In what can truly be described as a significant advancement for the AI ecosystem, MiniMax Research has introduced MiniMax-01, a new series of open-source models which include MiniMax-Text-01, a language model, and MiniMax-VL-01, a visual multimodal model. These models not only rival top-tier AI systems in performance but also introduce a novel architecture capable of processing contexts up to 4 million tokens, setting a new benchmark for language and vision-language models.
Key Points:
- MiniMax-01 offers an unprecedented 4-million-token context window, 32x larger than competitors like GPT-4o.
- It is 10x cheaper than GPT-4o, with API costs at $0.20/M input tokens and $1.10/M output tokens.
- Lightning Attention enables near-linear computational complexity, a first in commercial-grade models.

To put things in perspective, the context window of MiniMax-01 is 32 times larger than that of frontier models like GPT-4o.
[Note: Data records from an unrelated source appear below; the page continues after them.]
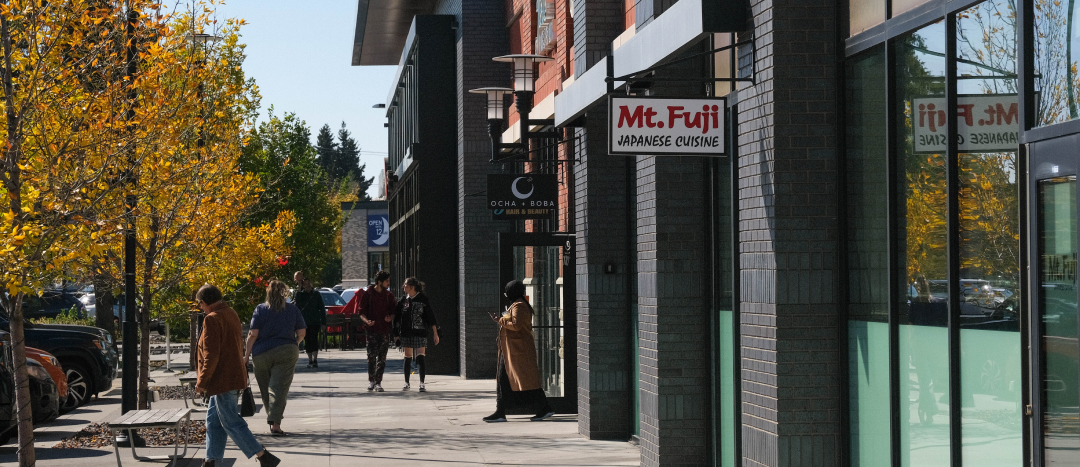 A row of businesses and restaurants in Village at Griesbach. Une rangée de commerces et de restaurants dans le Village de Griesbach.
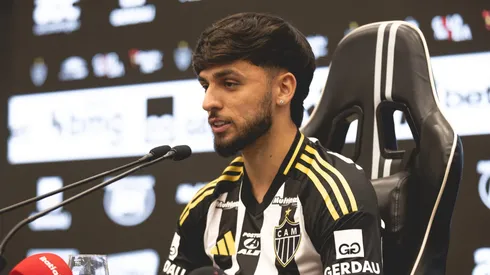 Biel durante entrevista de apresentação no Atlético-MG. Foto: Pedro Souza/Atlético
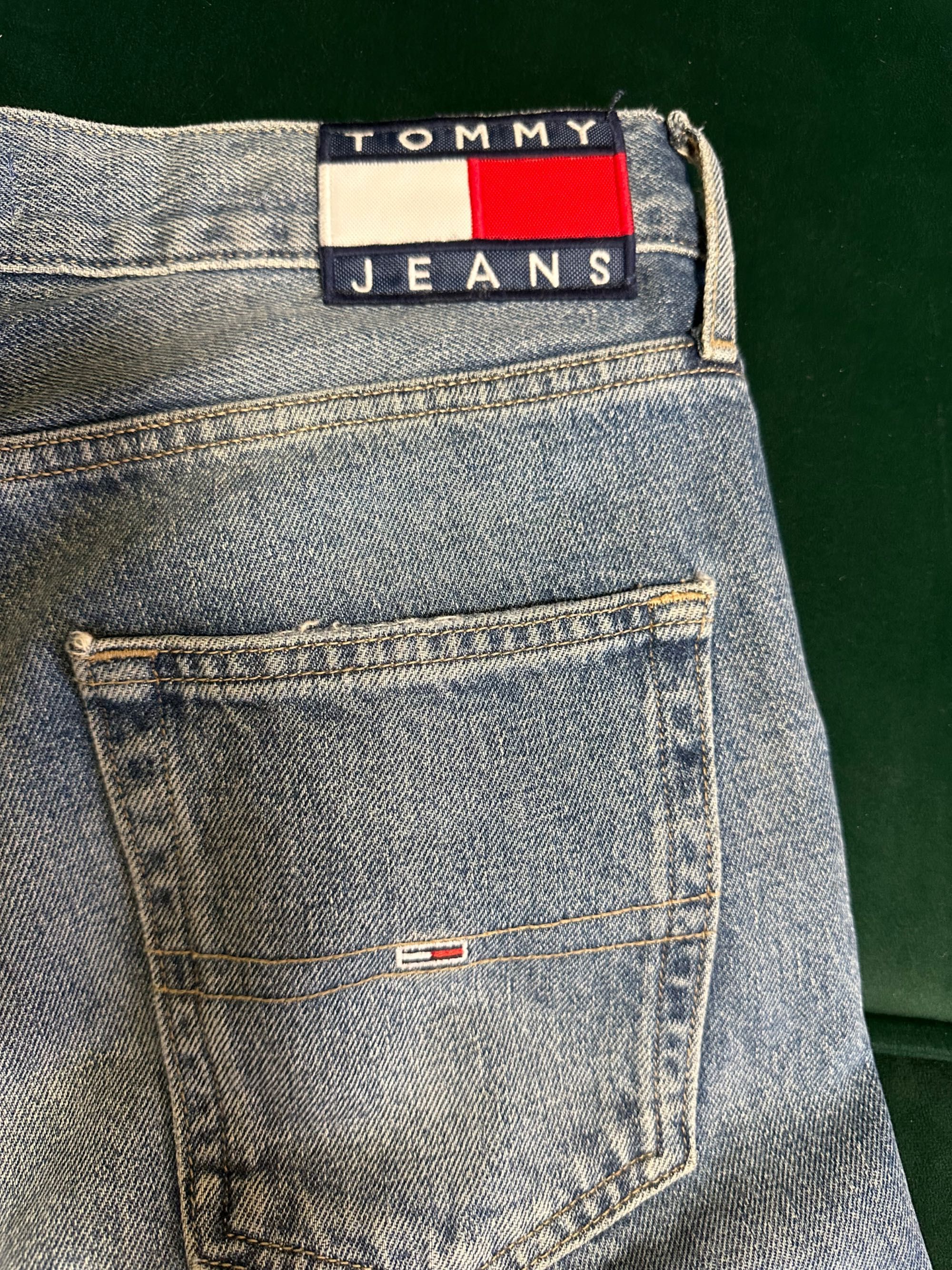 Джинсовые штаны Tommy Jeans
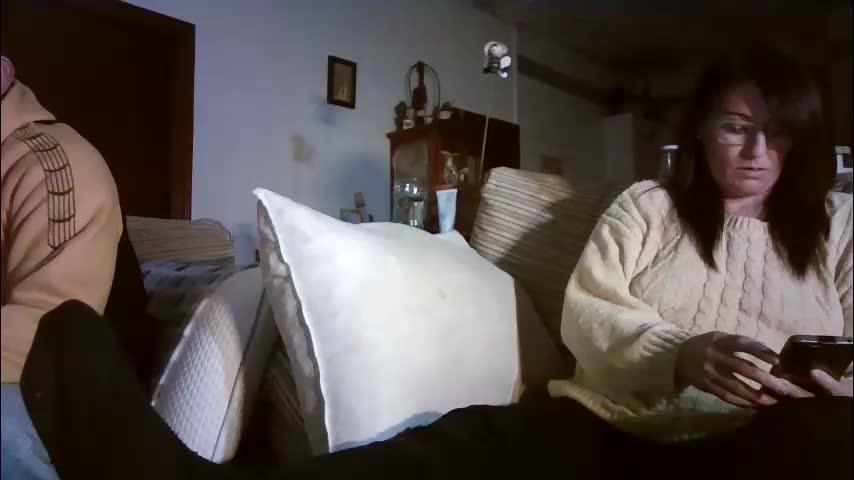 lolahueso Cam Model Chat January 13, 2026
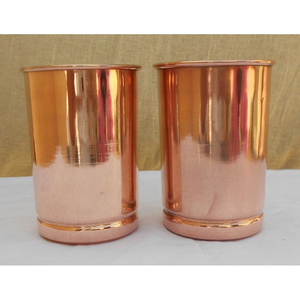 Vaso de cobre sin costuras con superficie pulida y agarre ergonómico, ideal para bebidas saludables o aguas infusionadas. - Product Image 1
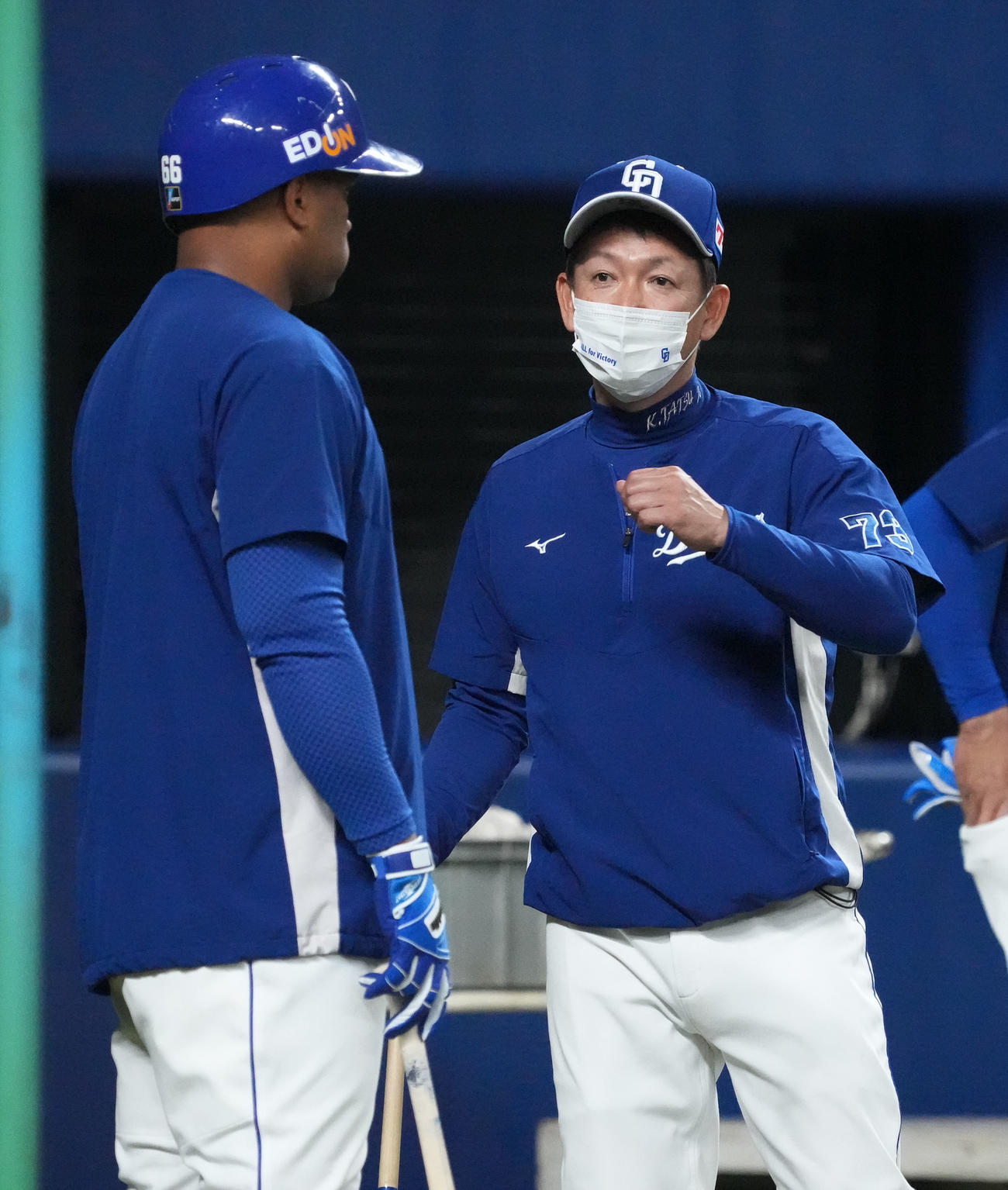 試合前練習でビシエドに言葉をかける立浪監督（右）（撮影・森本幸一）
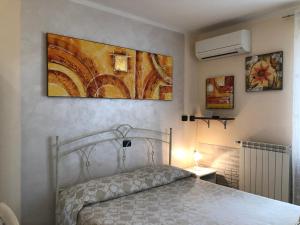 ein Schlafzimmer mit einem Bett und einem Wandgemälde in der Unterkunft Da Donna Rosa in Pontedera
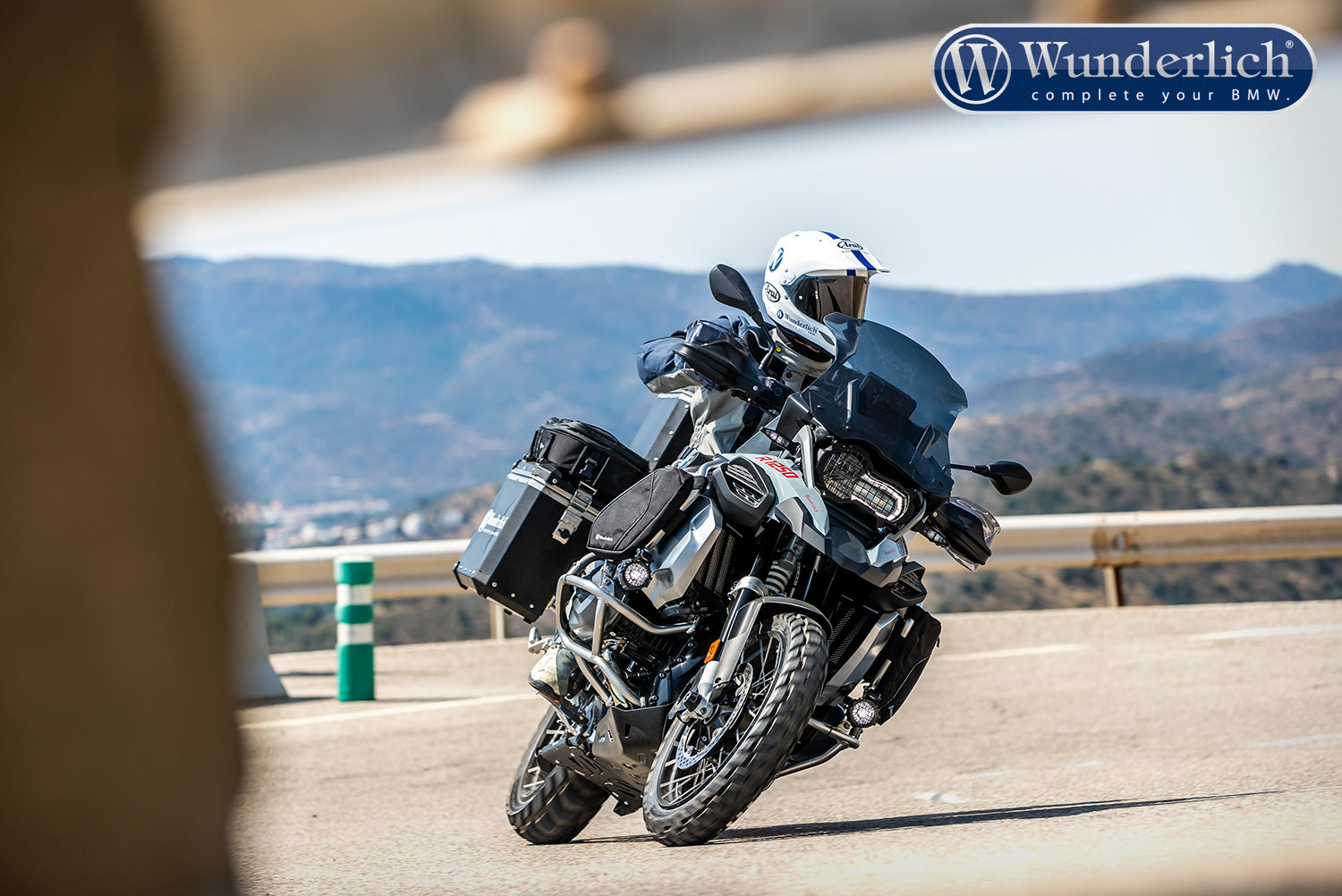 Wunderlich filler plates for tank protection bar extension R 1250 GS Adventure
A context window of this size allows the model to handle the equivalent of a small library’s worth of information in one input-output exchange.
This breakthrough is enabled by Lightning Attention, an innovative mechanism achieving near-linear computational complexity, marking the first commercial-grade implementation of linear attention. MiniMax-Text-01 integrates this architecture with Softmax Attention and Mixture-of-Experts (MoE), activating 45.9 billion parameters per token to process ultra-long inputs efficiently.
This architecture delivers exceptional performance on tasks requiring long-term memory. Specifically, MiniMax-Text-01 achieved 100% accuracy on the Needle-In-A-Haystack task with a 4-million token context. The company also says that their models demonstrate minimal performance degradation as the input length increases.

Its multimodal counterpart, MiniMax-VL-01, outpaces leading models like Claude 3.5 in vision-language tasks, showcasing robust capabilities for diverse applications such as virtual assistants and AI-driven content creation.
Affordability further distinguishes MiniMax-01. Its API costs just $0.20 per million input tokens and $1.10 per million output tokens, making it ten times cheaper than GPT-4o. These cost savings result from infrastructure optimizations like Varlen Ring Attention, LASP+ (Linear Attention Sequence Parallelism Plus), and Expert Tensor Parallel (ETP), which reduce computational waste and enhance scalability.
In case, you haven't been paying attention, Chinese AI startups have been on a roll lately. Three weeks ago, Hangzhou-based DeepSeek unveiled its third-generation model, trained in just two months with fewer resources than competitors like Llama 3. Yet, DeepSeek V3 matches the performance of leading models like GPT-4o and Claude-3.5-Sonnet. Today's release of MiniMax-01 highlights the resilience of China’s AI industry despite U.S. export controls.
MiniMax-01 models are now available on GitHub and HuggingFace. MiniMax’s APIs and models can also be accessed directly on Hailuo AI and through the company’s API. The company has also published a comprehensive research paper with additional details.